▸ **Task brief**:
A single number is required: how many lines in the entries hold the word "background".

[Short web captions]
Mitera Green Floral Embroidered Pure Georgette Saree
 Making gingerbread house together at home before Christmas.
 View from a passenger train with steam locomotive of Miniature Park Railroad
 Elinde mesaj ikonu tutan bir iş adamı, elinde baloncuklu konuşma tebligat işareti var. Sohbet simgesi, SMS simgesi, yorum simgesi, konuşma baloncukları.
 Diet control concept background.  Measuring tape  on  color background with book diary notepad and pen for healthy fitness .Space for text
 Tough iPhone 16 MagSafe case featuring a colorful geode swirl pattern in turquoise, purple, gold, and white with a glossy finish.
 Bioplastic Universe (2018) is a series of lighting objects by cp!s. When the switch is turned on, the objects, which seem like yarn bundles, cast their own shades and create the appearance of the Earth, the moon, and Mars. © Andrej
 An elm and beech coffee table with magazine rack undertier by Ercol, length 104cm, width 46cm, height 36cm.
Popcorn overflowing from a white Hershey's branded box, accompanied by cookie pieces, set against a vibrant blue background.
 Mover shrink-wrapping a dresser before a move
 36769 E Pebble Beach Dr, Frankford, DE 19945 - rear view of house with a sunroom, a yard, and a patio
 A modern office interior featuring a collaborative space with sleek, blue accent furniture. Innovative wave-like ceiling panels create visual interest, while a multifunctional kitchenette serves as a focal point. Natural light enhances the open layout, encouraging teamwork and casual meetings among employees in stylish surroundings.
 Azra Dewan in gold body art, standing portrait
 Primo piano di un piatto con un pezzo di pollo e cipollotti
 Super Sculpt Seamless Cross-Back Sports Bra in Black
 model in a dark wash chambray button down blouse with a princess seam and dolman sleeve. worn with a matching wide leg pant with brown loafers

▸ **Response for this exercise**:
2